I have a great deal of experience driving singles - and I have 3 matching appaloosa youngsters that I plan to drive as multiples once they've each been broke to drive singly. I even half-joke to my friends that my goal is to have a matched 6-up with 2 spare horses to drive a stagecoach!





I *KNOW* that I don't know how to hitch or drive multiples, and I will be doing more studying at our local driving shows and with my driving friends (some of whom are professional carriage drivers) before I ever attempt to drive more than one horse - and well before I get a pairs or team harness, or attempt to hitch a pair for ground driving. All those straps have a purpose and I don't have or use many of them in driving singles... and even after many years of casual and interested watching at shows, I don't know enough to keep the right communication going between me and more than one harnessed horse at a time.

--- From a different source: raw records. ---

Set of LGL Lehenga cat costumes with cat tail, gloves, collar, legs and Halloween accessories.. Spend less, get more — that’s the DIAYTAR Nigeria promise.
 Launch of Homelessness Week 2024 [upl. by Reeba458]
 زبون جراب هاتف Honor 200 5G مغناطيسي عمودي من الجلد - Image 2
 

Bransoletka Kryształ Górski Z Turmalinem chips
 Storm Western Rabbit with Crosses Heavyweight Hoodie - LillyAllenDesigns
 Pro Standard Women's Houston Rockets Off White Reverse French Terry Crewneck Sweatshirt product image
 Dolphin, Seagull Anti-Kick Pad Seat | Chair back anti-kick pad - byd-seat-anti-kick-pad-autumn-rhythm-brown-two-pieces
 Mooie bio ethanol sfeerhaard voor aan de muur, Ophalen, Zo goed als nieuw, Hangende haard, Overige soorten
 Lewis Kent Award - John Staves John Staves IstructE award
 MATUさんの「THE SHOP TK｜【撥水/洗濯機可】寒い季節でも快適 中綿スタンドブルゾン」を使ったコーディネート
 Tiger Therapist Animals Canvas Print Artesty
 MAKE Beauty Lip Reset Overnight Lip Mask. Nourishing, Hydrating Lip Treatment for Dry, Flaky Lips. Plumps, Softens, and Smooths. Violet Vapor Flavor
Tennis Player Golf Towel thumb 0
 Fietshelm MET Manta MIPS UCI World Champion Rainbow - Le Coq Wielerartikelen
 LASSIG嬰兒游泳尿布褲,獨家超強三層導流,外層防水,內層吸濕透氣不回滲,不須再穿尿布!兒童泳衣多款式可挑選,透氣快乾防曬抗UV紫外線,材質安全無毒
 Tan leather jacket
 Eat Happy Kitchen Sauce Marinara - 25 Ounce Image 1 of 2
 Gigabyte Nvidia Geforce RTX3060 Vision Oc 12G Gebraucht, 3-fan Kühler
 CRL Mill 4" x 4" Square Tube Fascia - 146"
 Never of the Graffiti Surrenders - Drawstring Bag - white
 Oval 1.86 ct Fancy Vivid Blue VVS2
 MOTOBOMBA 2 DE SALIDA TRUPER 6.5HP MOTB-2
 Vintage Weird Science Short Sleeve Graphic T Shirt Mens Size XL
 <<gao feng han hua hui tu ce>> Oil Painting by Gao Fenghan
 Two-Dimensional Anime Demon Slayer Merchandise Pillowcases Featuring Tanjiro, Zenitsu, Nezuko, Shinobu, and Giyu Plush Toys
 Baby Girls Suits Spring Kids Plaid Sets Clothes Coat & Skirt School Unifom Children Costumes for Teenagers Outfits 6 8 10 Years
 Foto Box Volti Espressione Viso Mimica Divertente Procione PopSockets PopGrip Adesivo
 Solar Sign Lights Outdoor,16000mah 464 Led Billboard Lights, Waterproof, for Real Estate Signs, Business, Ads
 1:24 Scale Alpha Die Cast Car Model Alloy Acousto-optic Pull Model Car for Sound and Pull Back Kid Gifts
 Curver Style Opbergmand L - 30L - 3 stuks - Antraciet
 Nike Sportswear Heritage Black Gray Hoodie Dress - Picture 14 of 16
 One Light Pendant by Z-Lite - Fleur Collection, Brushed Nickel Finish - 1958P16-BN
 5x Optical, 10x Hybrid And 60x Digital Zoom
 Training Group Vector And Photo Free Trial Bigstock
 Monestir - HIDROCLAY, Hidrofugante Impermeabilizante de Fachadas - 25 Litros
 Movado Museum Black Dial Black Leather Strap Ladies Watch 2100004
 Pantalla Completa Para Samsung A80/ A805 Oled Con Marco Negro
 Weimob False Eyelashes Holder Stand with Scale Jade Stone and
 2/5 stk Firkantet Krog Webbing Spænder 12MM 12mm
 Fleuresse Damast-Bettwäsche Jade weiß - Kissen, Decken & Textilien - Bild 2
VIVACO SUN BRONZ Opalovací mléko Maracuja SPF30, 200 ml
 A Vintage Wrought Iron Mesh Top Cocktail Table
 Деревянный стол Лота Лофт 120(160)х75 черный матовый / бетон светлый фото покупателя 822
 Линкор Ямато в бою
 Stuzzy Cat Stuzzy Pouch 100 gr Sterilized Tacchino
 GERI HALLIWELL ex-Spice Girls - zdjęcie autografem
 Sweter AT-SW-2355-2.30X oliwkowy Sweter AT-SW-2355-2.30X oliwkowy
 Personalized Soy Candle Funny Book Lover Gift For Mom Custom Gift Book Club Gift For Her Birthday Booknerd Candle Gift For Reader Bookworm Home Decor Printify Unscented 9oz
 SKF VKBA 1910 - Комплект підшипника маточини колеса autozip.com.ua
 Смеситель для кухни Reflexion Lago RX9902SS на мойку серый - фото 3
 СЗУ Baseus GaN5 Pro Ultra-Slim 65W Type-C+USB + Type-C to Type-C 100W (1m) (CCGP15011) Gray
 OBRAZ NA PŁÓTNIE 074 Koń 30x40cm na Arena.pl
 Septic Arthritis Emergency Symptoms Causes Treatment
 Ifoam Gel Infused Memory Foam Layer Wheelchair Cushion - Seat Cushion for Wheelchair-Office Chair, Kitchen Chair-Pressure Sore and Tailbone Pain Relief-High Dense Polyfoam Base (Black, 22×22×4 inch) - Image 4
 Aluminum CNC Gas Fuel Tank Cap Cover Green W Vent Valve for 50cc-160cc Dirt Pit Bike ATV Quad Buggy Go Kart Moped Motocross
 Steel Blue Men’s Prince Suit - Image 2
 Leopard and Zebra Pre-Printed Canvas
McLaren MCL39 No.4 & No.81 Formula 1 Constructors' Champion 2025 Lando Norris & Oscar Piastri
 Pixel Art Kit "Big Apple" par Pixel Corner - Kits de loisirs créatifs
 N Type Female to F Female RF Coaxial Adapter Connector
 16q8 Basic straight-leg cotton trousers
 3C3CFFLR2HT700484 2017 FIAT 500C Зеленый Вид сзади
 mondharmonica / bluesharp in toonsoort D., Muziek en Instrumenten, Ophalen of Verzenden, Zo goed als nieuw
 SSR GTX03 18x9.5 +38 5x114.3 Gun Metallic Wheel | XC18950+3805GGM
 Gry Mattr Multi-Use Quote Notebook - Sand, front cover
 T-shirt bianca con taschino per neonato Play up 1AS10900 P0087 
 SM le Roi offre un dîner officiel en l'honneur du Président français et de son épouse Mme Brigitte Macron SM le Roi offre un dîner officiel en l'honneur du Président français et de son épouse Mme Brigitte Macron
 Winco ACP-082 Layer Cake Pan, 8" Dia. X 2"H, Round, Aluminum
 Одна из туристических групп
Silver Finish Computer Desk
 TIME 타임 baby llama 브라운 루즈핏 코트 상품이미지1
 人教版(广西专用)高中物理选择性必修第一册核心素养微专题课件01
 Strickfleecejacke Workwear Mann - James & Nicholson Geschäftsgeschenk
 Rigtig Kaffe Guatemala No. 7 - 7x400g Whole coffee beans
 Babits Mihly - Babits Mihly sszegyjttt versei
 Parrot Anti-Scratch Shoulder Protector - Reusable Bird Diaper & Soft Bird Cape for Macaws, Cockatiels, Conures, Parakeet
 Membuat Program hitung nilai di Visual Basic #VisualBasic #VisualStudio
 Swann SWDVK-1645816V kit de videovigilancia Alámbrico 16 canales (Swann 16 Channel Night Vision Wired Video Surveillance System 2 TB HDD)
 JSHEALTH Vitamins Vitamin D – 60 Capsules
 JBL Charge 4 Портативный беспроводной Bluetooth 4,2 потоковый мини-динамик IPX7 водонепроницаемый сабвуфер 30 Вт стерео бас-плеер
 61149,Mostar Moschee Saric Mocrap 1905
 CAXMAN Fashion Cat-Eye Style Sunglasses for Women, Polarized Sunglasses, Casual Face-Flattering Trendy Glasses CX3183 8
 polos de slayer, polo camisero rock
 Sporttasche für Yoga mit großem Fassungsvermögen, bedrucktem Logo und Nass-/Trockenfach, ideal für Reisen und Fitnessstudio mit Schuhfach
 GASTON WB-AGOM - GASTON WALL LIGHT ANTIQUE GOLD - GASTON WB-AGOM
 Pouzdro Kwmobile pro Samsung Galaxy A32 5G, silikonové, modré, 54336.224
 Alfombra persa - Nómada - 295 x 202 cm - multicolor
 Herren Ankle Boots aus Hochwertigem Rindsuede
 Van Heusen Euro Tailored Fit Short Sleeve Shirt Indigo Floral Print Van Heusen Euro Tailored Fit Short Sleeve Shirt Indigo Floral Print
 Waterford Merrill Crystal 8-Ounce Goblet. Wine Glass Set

I am glad that the words of caution are going on in this thread, and I'm sorry the OP decided to take them all personally. I didn't see ANYTHING in this thread accusing her personally of being too green to drive a pair - but her question of "What is the proper way and what equipment is needed to do this?" (hitch and ground drive a pair) indicates to me that she - _*like me*_... hasn't studied this in person enough.

There is a lot of "jargon" to learn in any new venture... or in a new method of a familiar venture... and driving multiples is no exception. I want to learn the names and purposes of the extra straps and rings and things before I start purchasing equipment! An example of this "jargon" would be like when I learned to handspin wool - it was like the books and online lists were speaking another language when they spoke of how to spin - and I dove in before I'd learned a lot of it! Yes, it forced me to learn more in order to continue to better my spinning, but I bought and sold a lot of wool and equipment - selling at a loss, of course... before I knew enough of the language to even ask the questions I had in a manner that people could [SIZE=10pt]*easily*[/SIZE] answer.

As people have said - there are whole books and Looong articles written to answer these questions... and you can learn the required vocabulary from the books - but for most people, myself included - seeing and feeling are the best ways to learn the proper names, adjustments, etc.

So vague and open questions are MUCH harder to answer online than "Here's a photo of my single driving horse hitched up - what can I adjust or make better?" I don't expect any of my fellow forum participants to sit down and write me a book any time that I ask a question!

ALL that aside... here's a question I haven't asked anyone driving multiples yet. Is hitching a pair in training better done with a 2 wheeled cart and pole or with a 4 wheeled wagon of some kind? (I already know I want one with a cut under for the front wheels!)


----------



## RhineStone (Dec 9, 2009)

Four wheels and a pole. No exceptions. I know that there has been some on this forum that have said they are going to start their pair with a cart and a pole, but #1 - they either understand the ramifications for doing so, or #2 - don't have a clue about how dangerous this is.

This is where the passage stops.